Afganistan, montagne dell’Oruzgan. E’ il 20 agosto e Lal Mohammad si rivolge verso la Mecca per le preghiere del mattino. Poi va nei campi perché, se vuoi sfamare tua moglie e i nove figli, non hai tempo da perdere. Verso le nove del mattino, Lal si dirige verso il villaggio di Shiran, a un’ora e mezza di cammino  dalla sua casa. E’ il giorno delle elezioni in Afghanistan.

Lal Mohammad è analfabeta ma vuole votare come i suoi compaesani. Parlando con loro ha compreso di avere questo diritto, nonostante sia povero e senza istruzione. Durante il percorso, però, Lal incontra tre giovani dalla lunga barba e dai turbanti bianchi, armati di kalashinikov. “Dove  vao”, gli chiede uno a brutto muso; “Scendo a Shiran”, risponde lui. Lo accerchiano e lo perquisiscono. Quando trovano il certificato elettorale danno di matto e iniziano a prenderlo a pugni e a picchiarlo con il calcio del fucile finché sviene.

Quando riprende i sensi, Lal si accorge che i bravi sono spariti ma si accorge di avere il volto coperto di sangue. I talebani gli hanno mozzato il naso e le orecchie con un pugnale. “Non erano briganti,perché non mi è stato rubato nulla” racconta al quotidiano francese “Le Figaro”. Ha la voce flebile, è steso sul letto di chirurgia plastica dell’ospedale Maiwand di Kabul. I medici hanno accettato di lasciar passare il giornalista di Le Figaro perché il pronto soccorso beneficia dell’aiuto tecnico e finanziario di La Chain de l’espoir, una ONG francese presieduta da Padre Deloche.

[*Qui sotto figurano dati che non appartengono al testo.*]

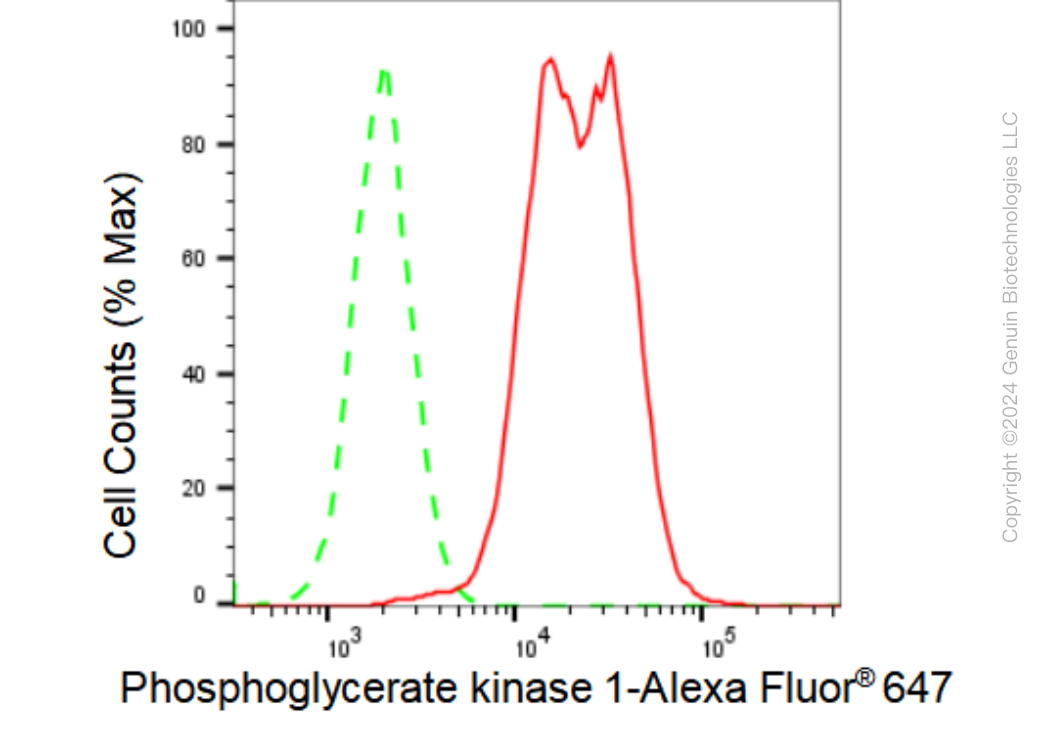 KD-Validated Anti-Phosphoglycerate kinase 1 Rabbit Monoclonal Antibody ABG1266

Con il viso coperto di bende, Lal è troppo provato per proseguire il racconto del suo calvario. E’ un suo parente a raccontare com’è finita quella terribile giornata. Dopo l’incontro con i Talebani, barcollando, Lal arriva al villaggio. Un negoziante lo ripulisce e gli offre da bere. Suo zio gli consiglia di andarsi a farsi curare a Kabul (300 km a est in linea d’aria). Dopo essersi fatto fare un prestito dall’usuraio del villaggio, Lal e lo zio viaggiano in montagna e dopo tre lunghi giorni raggiungono un ospedale a Kabul. 

Lal viene operato ma soffre moralmente oltre che fisicamente e adesso si chiede “Cosa succederà alla mia famiglia – sospira – è impossibile chi possa tornare a casa, mi ucciderebbero. Come farò a restituire i soldi presi a usura? Il governo mi aiuterà, farà venire qui la mia famiglia?”. Ormai è disperato.

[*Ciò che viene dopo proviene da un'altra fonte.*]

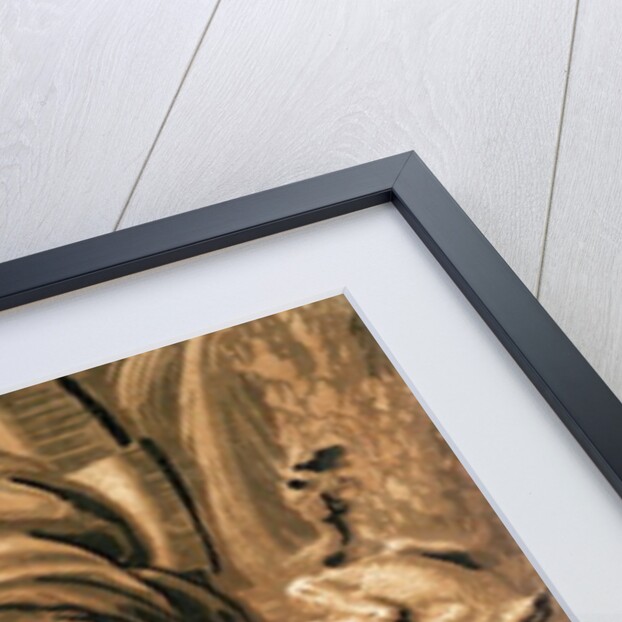 Diogenes by Parmigianino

Nelle campagne a sud dell’Afghanistan, i Talebani si muovono praticamente senza ostacoli. Per far circolare i loro avvertimenti basta colpire qualche contadino a mo’ di avvertimento. In un paese dove regna ancora la cultura orale, e dove il passaparola è molto efficace, messaggi del genere ottengono il loro effetto.

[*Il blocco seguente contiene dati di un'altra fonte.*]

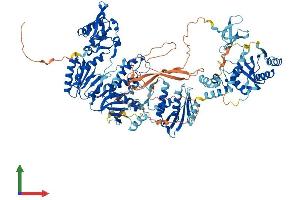 AlphaFold protein structure predicition of Human Recombinant ERVK-10 Protein, UniprotID P10266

“Se avessi saputo quello che mi sarebbe successo non sarei andato a votare. Ma la tentazione era troppo forte: io,un povero agricoltore, chiamato a scegliere il nuovo capo del Paese!”, dice. Il giornalista gli chiede perché non ha portato con sé anche la moglie: “Dove abitiamo noi la donne non si occupano di politica”, risponde. Aggiunge di essere andato a votare perché dalle sue parti i Talebani non sono molto presenti, ma lì vicino, in un distretto a due passi, l’amministrazione è nelle mani dei Talebani: “i giudici, il capo della polizia, il vice governatore, tutti!”.